We all want to keep our home as safe as possible, and if you take a look at the most common causes for fires – you’ll find that malfunctioning electrical devices or bad wiring are among the top causes. Most electricians will firstly advise you to replace bad wiring in your home, but surge protectors are seemingly also a good way to prevent fires. There are, however, many debates about this – so, people wonder; do surge protectors prevent fires?
Surge protectors reduce the risk of an overloaded outlet which can spark and cause a fire. They are a great way to make your home additionally safer, but they’re no replacement for bad wiring.
However, there are many questions that need to be posed when talking about this. How do you fix your home and make it safer? What are surge protectors good for if they can’t keep your home safe? How are surge protectors used and what makes a good surge protector?
These are just some of the questions we’ll be answering in today’s article, so make sure to stick with us if you want to find out the answers.
Let’s get started!
Can Surge Protectors Catch Fire?
Surge protectors are devices that are designed to protect electrical devices from voltage spikes.
Surge protectors can definitely help with overloading. They’re going to detect if the appliance you’ve plugged in is overloading your system, and they’re going to turn themselves off. However, if a surge protector is misused, then the surge protector itself could catch fire and your investment’s going down the drain.
The best way to ensure that your surge protector doesn’t catch fire is by following a few rules.
- Firstly, make sure to use surge protectors that have an internal circuit breaker exclusively! Don’t use surge protectors without an internal circuit breaker. These units are great because they will recognize if a unit is overloading and that will trip the breaker – this will prevent overheating and it won’t catch fire.

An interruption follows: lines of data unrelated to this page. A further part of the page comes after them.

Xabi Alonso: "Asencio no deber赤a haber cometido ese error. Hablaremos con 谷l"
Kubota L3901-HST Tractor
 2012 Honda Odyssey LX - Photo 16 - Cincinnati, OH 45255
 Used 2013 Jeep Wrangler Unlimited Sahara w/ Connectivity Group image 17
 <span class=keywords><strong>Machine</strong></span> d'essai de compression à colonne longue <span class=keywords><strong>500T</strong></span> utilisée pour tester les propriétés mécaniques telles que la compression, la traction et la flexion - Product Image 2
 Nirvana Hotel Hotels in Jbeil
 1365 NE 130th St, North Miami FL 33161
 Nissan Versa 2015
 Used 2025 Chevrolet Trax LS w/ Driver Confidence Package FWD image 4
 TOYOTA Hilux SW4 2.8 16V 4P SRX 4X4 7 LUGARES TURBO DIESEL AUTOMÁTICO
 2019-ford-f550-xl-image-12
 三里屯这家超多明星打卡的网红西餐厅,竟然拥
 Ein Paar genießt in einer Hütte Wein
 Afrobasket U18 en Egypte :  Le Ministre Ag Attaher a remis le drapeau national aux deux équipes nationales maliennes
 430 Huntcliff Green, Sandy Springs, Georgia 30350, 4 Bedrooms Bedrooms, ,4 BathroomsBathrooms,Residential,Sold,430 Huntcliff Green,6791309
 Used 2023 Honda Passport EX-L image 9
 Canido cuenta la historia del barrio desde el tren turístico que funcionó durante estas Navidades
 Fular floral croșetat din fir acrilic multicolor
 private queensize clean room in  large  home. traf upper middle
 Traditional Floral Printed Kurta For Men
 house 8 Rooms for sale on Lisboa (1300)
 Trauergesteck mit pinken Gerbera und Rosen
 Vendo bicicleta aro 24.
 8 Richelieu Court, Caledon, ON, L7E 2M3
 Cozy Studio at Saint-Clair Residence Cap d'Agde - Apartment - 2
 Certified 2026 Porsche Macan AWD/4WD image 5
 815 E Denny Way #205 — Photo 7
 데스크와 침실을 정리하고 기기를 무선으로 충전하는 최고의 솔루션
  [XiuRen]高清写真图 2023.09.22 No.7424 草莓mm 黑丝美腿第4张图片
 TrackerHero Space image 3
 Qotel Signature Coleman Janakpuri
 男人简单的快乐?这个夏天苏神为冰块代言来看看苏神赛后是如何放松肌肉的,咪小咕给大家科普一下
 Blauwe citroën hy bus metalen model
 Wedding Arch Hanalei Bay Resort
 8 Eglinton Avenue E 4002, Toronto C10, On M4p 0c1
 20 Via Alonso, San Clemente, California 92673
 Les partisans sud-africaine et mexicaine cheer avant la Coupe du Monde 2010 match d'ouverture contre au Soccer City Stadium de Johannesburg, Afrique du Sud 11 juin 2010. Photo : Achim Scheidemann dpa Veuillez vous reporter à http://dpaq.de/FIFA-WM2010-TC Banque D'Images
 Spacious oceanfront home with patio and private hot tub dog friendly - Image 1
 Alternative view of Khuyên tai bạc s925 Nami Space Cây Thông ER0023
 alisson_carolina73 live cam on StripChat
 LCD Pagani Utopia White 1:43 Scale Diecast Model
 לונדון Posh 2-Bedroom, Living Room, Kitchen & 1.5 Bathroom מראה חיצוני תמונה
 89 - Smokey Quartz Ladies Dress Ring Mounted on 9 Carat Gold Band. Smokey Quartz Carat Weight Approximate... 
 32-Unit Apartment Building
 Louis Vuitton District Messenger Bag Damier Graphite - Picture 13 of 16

- It’s also important to understand that surge protectors aren’t a replacement for bad wiring. If you have bad wiring in your home, nothing will ensure that it doesn’t catch on fire aside from replacing the wiring. This process may be costly, but it’s a 100% guarantee that the wires don’t catch on fire – it’s best to invest in new wiring, rather than buying a surge protector.
- If you notice that your surge protector is hot to the touch, then you should definitely disconnect it and replace that unit. Not all surge protectors can take the same load, so make sure that you’re not overloading your surge protector.
- Also, always make sure that you’re not exposing your protector to a moist, or even worse – wet environment. Additionally, that, don’t ever place the unit under a carpet, or under furniture, as there must always be air circulating with your unit.
- If you find that your surge protector does not have an internal circuit breaker, has frayed wires, or has a unit that is not working properly, replace it as soon as possible.
- Don’t even plug your surge protector into another surge protector, thinking that you’re outsmarting the electrical system. Daisy chaining is the name of this practice, and you’re not only ensuring a short circuit, you’re also overloading the surge protector you plugged the other surge protector in.
- Surge protectors must be approved by UL or ETL – that’s Underwriters Laboratory and Electrical Testing Laboratories. Don’t remove these labels from your surge protector, and don’t ever buy surge protectors that don’t have these labels. You should find the manufacturer’s name and the name of the testing lab where the unit was tested on the underside of the casing.
- Don’t ever plug more than a single surge protector into a single duplex electrical outlet.
- Don’t staple or tape your surge protector – and if your surge protector needs taping, then you should probably buy a new surge protector.
- Make sure to regularly inspect all your surge protectors, just to ensure that they are not damaged or showing signs of degradation. The inspection should be visual, and make sure that the plug is fully inserted into the outlet. Unplug the unit when it’s not in use!
- Your surge protector should always have either a polarized plug with one of the blades being larger than the other, or a three-prong grounded plug. Don’t use a three to two prong adapter with surge protectors.
- The cord of a surge protector should never be longer than 6 feet.
What Is the Safest Surge Protector?
Here’s an example of a good surge protector.
This surge protector has an extension cord that’s 6 feet in length, and it’s an 8-outlet surge protector with an energy rating of 4500 joules. It’s crucial that you never overload your surge protector, so make sure to know what your surge protector’s energy rating is.
This protector also has LED lights that indicate active surge protection and grounded wiring, while the fireproof MOV provides additional safety precautions from surges and spikes. There’s an ON/OFF power switch, and a 15Amp overload resettable circuit breaker.
The heavy-duty power chord is great because it’s so strong. This makes it less likely to catch on fire if it overloads. However, even if it does overload, it’s going to turn itself off, so there’s almost nothing for you to worry about.